#### [Material provided]
......

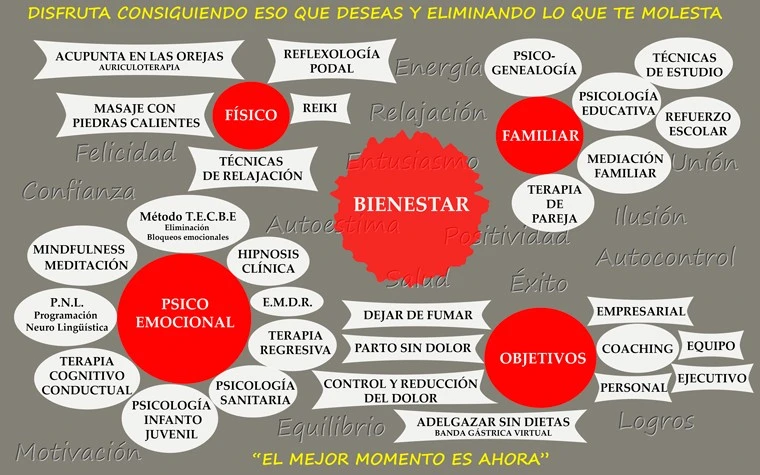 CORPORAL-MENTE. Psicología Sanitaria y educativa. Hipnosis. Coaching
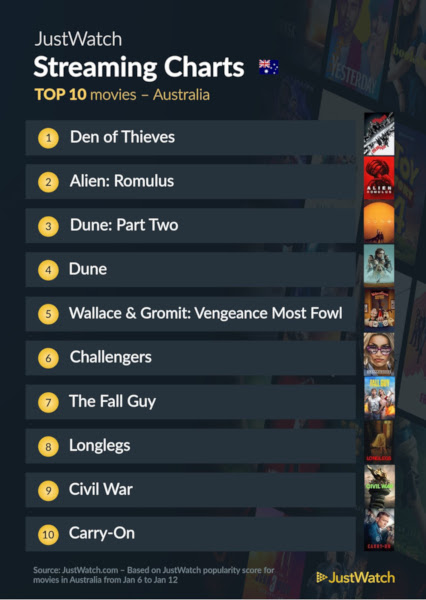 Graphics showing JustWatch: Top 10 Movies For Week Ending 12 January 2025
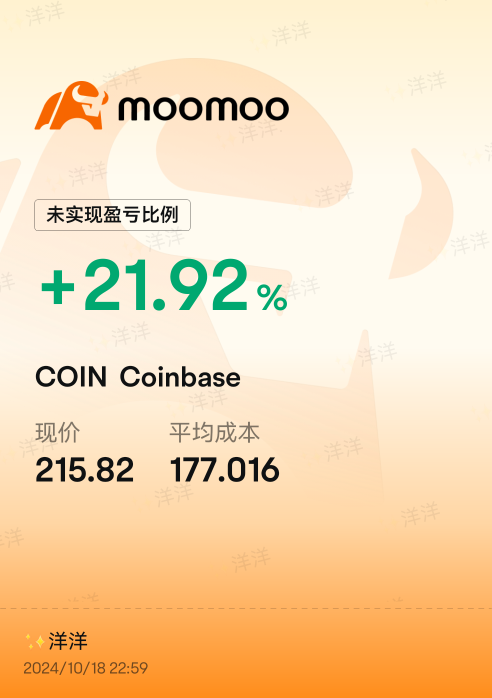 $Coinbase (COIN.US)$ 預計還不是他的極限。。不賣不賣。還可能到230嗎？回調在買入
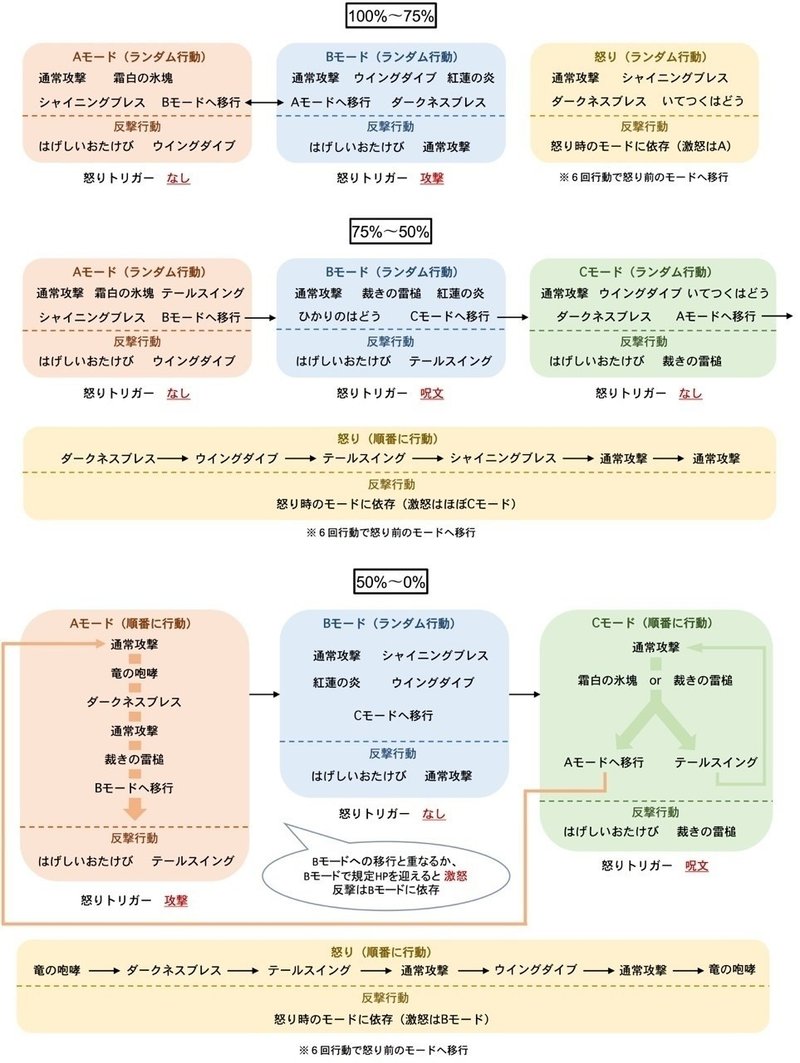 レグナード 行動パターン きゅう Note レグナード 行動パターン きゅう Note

......

#### [Your task]
None of the pictures belong in the copy; transcribe the rest of the data exactly.

#### [Response to the exercise]
 CORPORAL-MENTE. Psicología Sanitaria y educativa. Hipnosis. Coaching
 Graphics showing JustWatch: Top 10 Movies For Week Ending 12 January 2025
 $Coinbase (COIN.US)$ 預計還不是他的極限。。不賣不賣。還可能到230嗎？回調在買入
 レグナード 行動パターン きゅう Note レグナード 行動パターン きゅう Note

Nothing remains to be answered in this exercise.